Share this article

print logo

Spring in the air for Buffalo area as temperatures in the 60s await

Signs of spring abounded across the Buffalo Niagara region Monday.

Hats, gloves and boots went away.

Car windows got rolled down.

Hot dog carts were out.

Bicycles and motorcycles returned the roads in quantity.

And that was just the beginning.

A quick and much-anticipated warm-up is arriving with a wholesale change in the weather pattern, bringing an early prevalence of spring fever to the region.

Monday’s high temperature at Buffalo Niagara International Airport was 55 degrees, and forecasts show that will it will be near 60 on Tuesday and rise into the mid-60s on Wednesday.

“Winter is slowly and surely coming to an end,” said Aaron Reynolds, a meteorologist at the National Weather Service.

It might seem fitting now that the calendar reads March, but this week’s warmth is actually well above the norm for this time of year.

“It’s way warmer than normal,” Reynolds said.

The average high for the second week in March is about 39, and overnight lows are normally in the mid-20s.

Also consider that on this date last year, there was still 20 inches of snow on the ground. And the temperature didn’t hit 60 until April 2.

At this time two years ago, a second winter blizzard was days from bearing down on Buffalo Niagara.
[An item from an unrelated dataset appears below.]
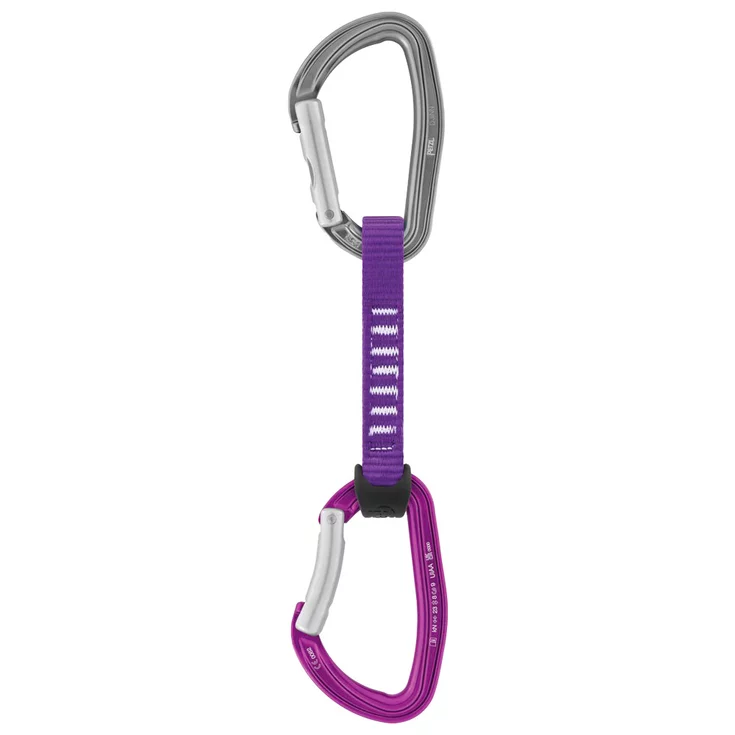 اسلینگ کامل (کوییک درا) پتزل PETZL مدل دجین DJINN 17CM - تصویر 2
That year, the first 60-degree day arrived April 1.

So far this year, temperatures have already made it into the 60s twice – both times in February.

This week’s weather will add to the year’s early total of 60-degree days but, unlike last month, there doesn’t look like much of a return to any sort of wintry pattern – or more snow – any time soon.
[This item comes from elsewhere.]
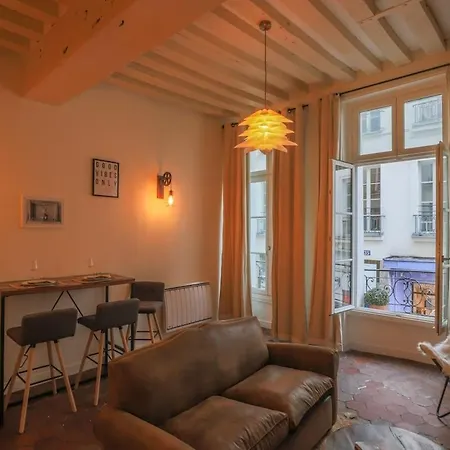Apartamento Le Marais - Charlot - De Caractere *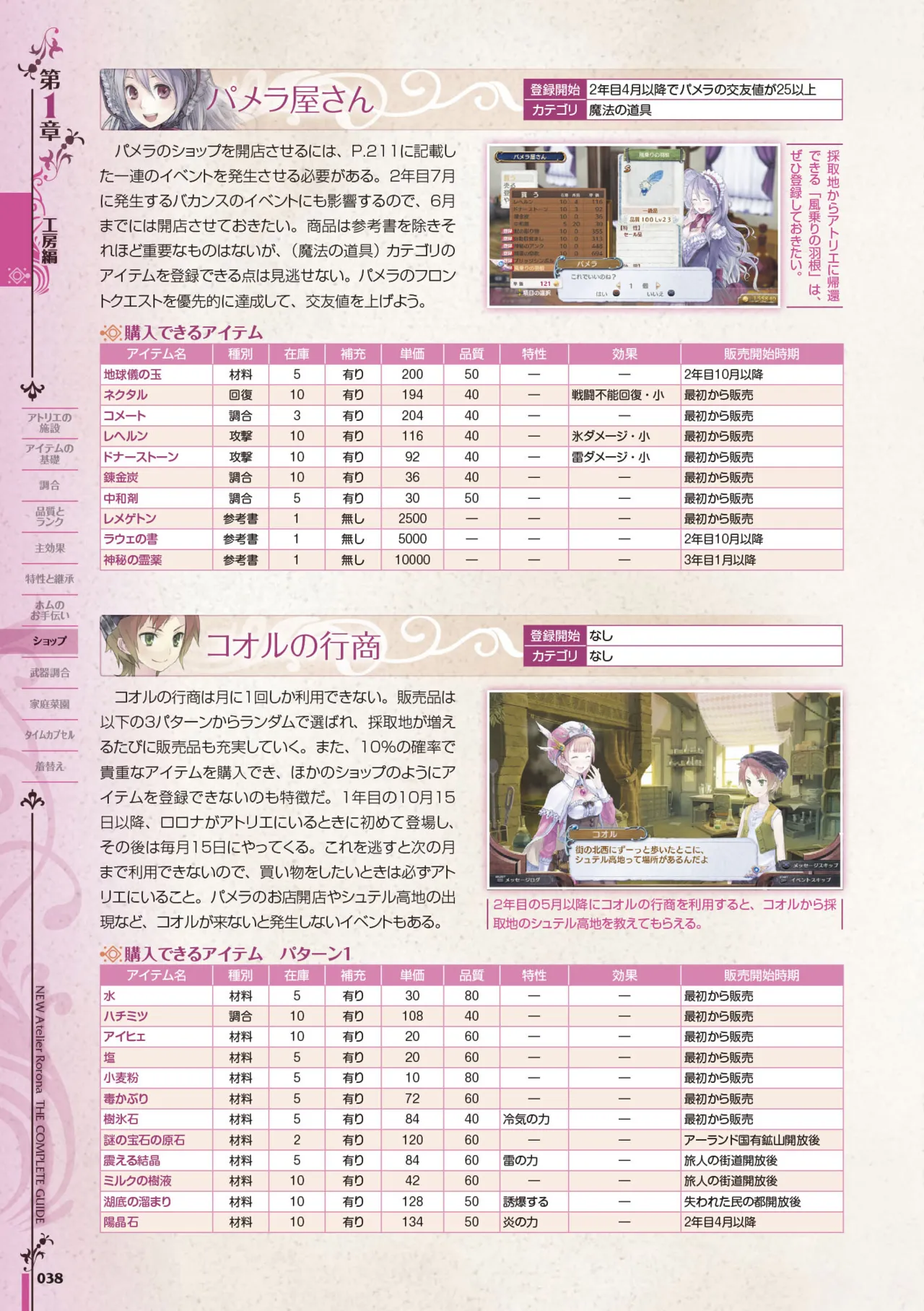 new Atelier Rorona The Beginning Story - The Alchemist of Arland Complete Guide - Image 39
“Zero,” Reynolds said. “Not even in the long range.”

Forecasts show the mercury receding slightly into the lower 50s on Thursday and Friday but back to the mid- to upper 50s for the weekend.
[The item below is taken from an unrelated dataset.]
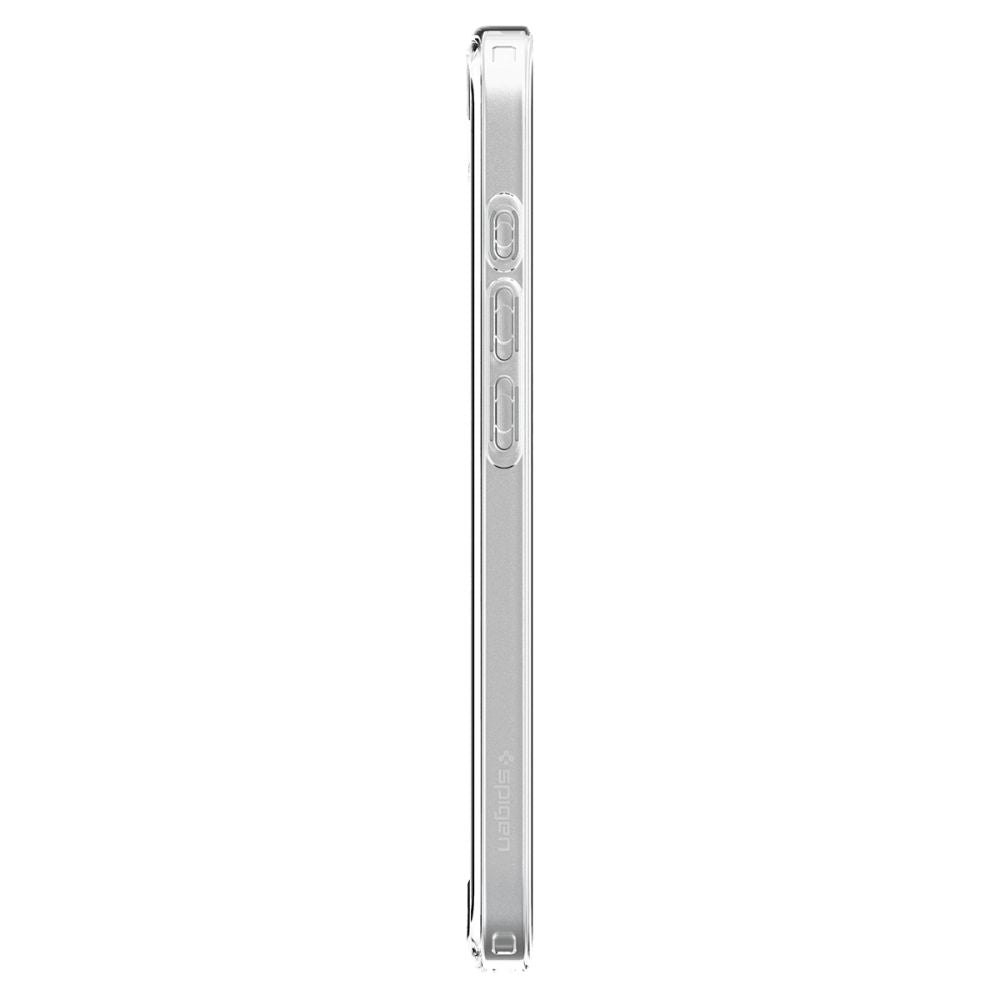 Spigen iPhone 16e Ultra Hybrid Mag Σκληρή Θήκη με Πλαίσιο Σιλικόνης Και MagSafe - Carbon Fiber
Some rain is expected overnight Wednesday and also Thursday, and then there are chances for more showers over the weekend.

The overall weather pattern has shifted to become what meteorologists call “more zonal,” meaning that the weather flow basically stays consistent along west-to-east latitude. With that pattern in place, the cold air gets locked away much farther north.

“We just don’t have a trough that’s going to be over us with a lot of cold air,” Reynolds said.

Stir in longer days and a higher sun angle in the sky and winter, which officially ends March 19, is losing its grip.

That doesn’t mean there isn’t another shot or two at some snowshowers hiding between now and next fall, though.

On average, Buffalo records 2.7 inches of snowfall in April, and Reynolds noted, “We still have some time.”